Another slew of memories stabbed into her mind. Stabbed was a good word, because they kept coming, swift and painful, one after the other. Memories of thefts, of stealing. Of her own hands slipping into strangers’ pockets and purses, pulling out wallets and poker chips. Distracting people while she slid jewelry directly off their skin. The sickening emotions that came with it. The instant regret afterward but the inability to change anything. The ravaging guilt keeping her awake at night.
Oh God, no. She was a criminal, too. A convict.
So why did that still not feel quite right?
The gold around her forearm pressed hard and cool against her skin. Viv’s back was to her, so she chanced a quick peek underneath her shirt sleeve. Had she stolen this piece? Was that why she’d been running? Had she taken it from Malik and that was why he’d pointed the gun at her? Because he wanted it back?

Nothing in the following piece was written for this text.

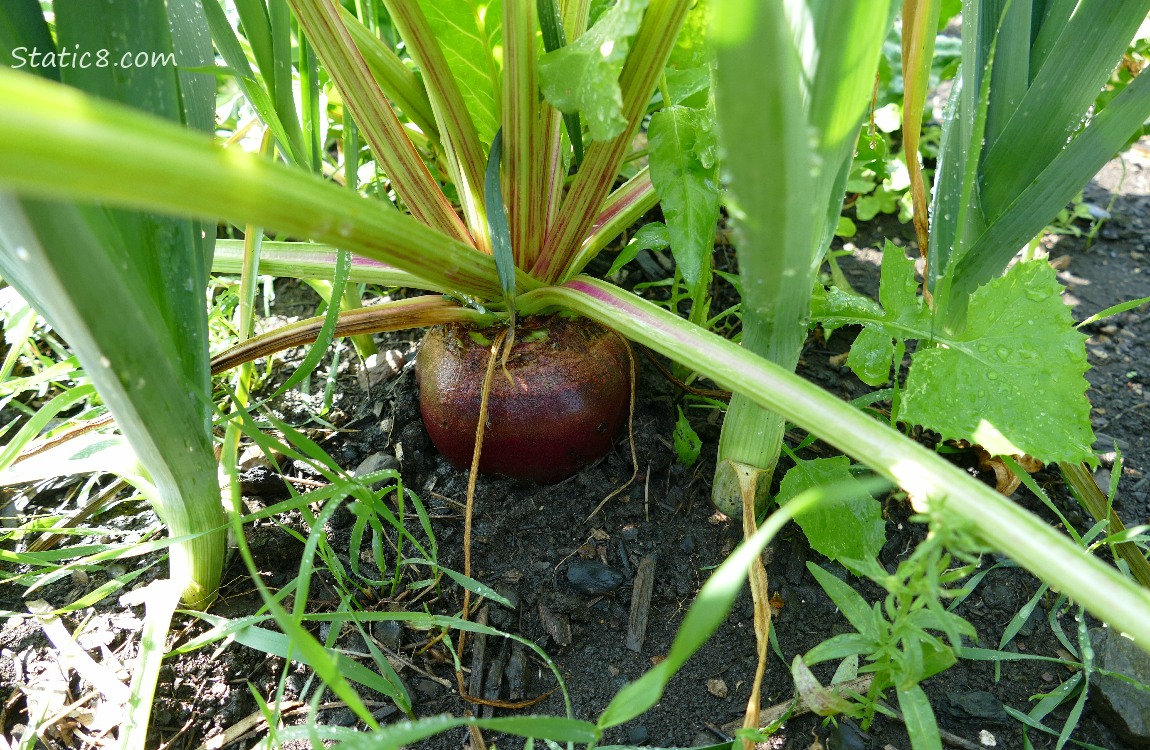 Beet in the ground with Leeks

Squeezing her eyes shut, she tried desperately to remember. To call out the defining memory. But the harder she tried, the blacker her past—and present—felt. Frustrated and anxious, she opened her eyes and decided on a new strategy. Maybe if she was patient and smart, if she was careful and observational, answers and opportunity would come to her.
She’d learned that from her mother, and it hadn’t been a good lesson.
But as quickly as that realization came to her, the specific memories surrounding it skated away, out of reach.
The gold shimmered beneath her blue shirt as though it were under direct sunlight. A distinct pang strummed at her heart.
It called to the blond man. Wanted him to come back. Wanted Sera to go to him.